Hong Kong File photo
More Chinese companies are seeking to raise funds in the Hong Kong market, which is still seen as an attractive destination.
Bloomberg reported on Friday that Chinese video streaming platform Bilibili Inc. has received the green light from the Hong Kong stock exchange for its proposed second listing.
The report came after news that Chinese search engine giant Baidu is seeking to raise as much as HK$28 billion ($3.6 billion) in a secondary listing in Hong Kong, the latest US-listed mainland tech giant to eye a flotation in the city.
NASDAQ-listed Baidu said it would sell 95 million shares in the Hong Kong offering and the offer price will be no more than HK$295.00 per share, according to the regulatory filing on Thursday.

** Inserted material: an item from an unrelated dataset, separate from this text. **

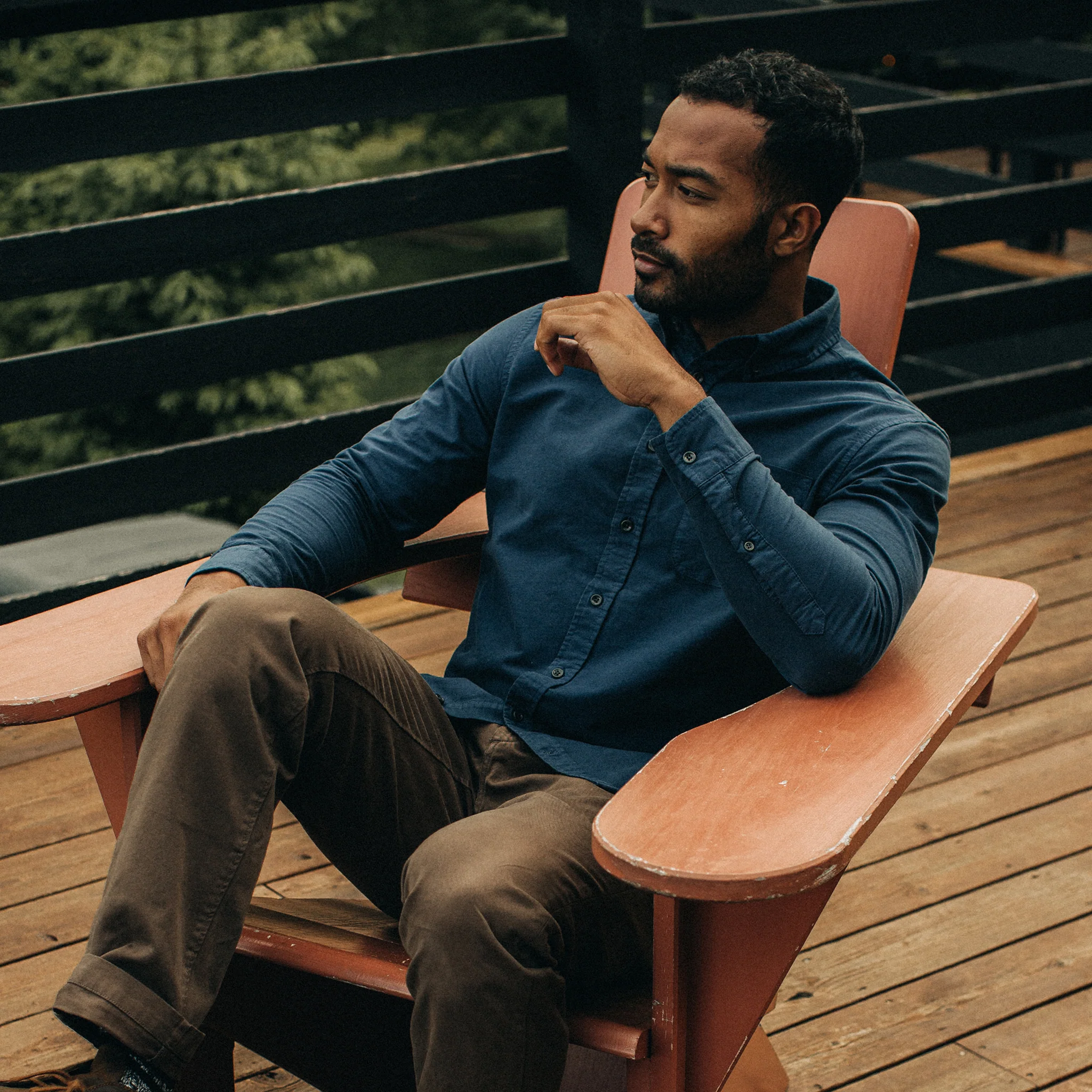 The Jack in Prussian Blue Oxford - Image 2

Bloomberg reported that Baidu aims to set the final price before the US market opens on March 17 and start trading in Hong Kong on March 23. At $3.6 billion, it would be the biggest homecoming listing of a US-traded Chinese company in Hong Kong since JD.com Inc.'s June 2020 offering, which raised $4.5 billion.
Chinese firms listed in the US have growing concerns about the current unfriendly environment in the country, and are worried they might be forced to delist at some point in the future, as has already happened to some other Chinese firms, said Dong Dengxin, director of the Financial Securities Institute at Wuhan University of Science and Technology.

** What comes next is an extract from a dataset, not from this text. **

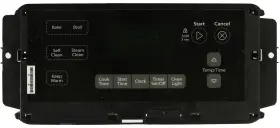 WPW10348625 WHIRLPOOL Control Board Overlay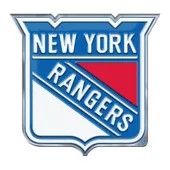 Fan Mats New York Rangers Heavy Duty Aluminum Embossed Color Emblem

The Biden administration has continued some policies from the Trump period in cracking down on Chinese firms listed in the US. Chinese state-owned oil giant China National Offshore Oil Corp became the latest Chinese company to be pushed out of the New York Stock Exchange on Biden's watch.
"Chinese firms listed there need to avoid such potential risks. For some big firms, a secondary listing in Hong Kong is a wise choice, and the Hong Kong Stock Exchange has shown a welcoming attitude toward these firms, especially those in the new-economy sector," Dong told the Global Times on Friday.

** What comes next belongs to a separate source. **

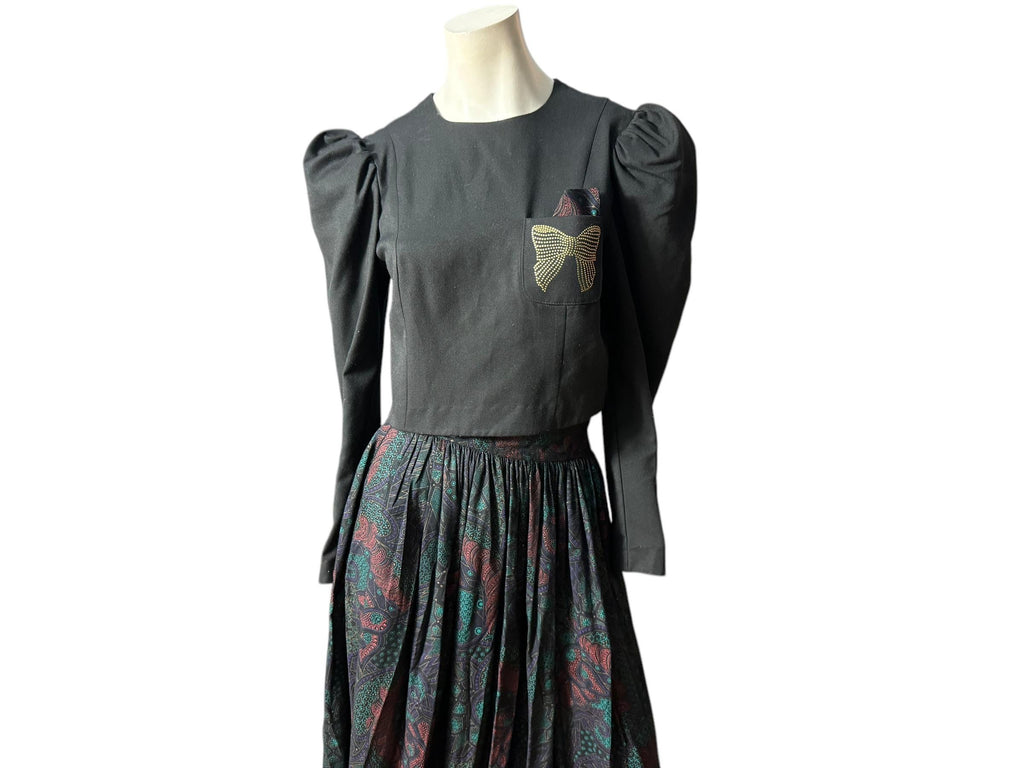 Vintage 80's top & skirt 8 Leslie Lucks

It is likely that Hong Kong will attract a large batch of high-quality Chinese firms listed in the US, which will bring better performance to the Hong Kong stock market, said Dong.
Zhang Xiaoming, deputy director of the Hong Kong and Macao Office of the State Council, China's cabinet, said on Friday that the status of Hong Kong's financial center will be further consolidated after the implementation of the Hong Kong National Security Law and the improvement of the electoral system.
He said that the political, economic, social and business environment of Hong Kong will be further improved, and the status of Hong Kong's financial center will be further consolidated.
The Hong Kong market is becoming an important place for many companies to go public. As of the end of 2020, HK$400.2 billion ($51.5 billion) had been raised by IPOs in Hong Kong, ranking second in the world.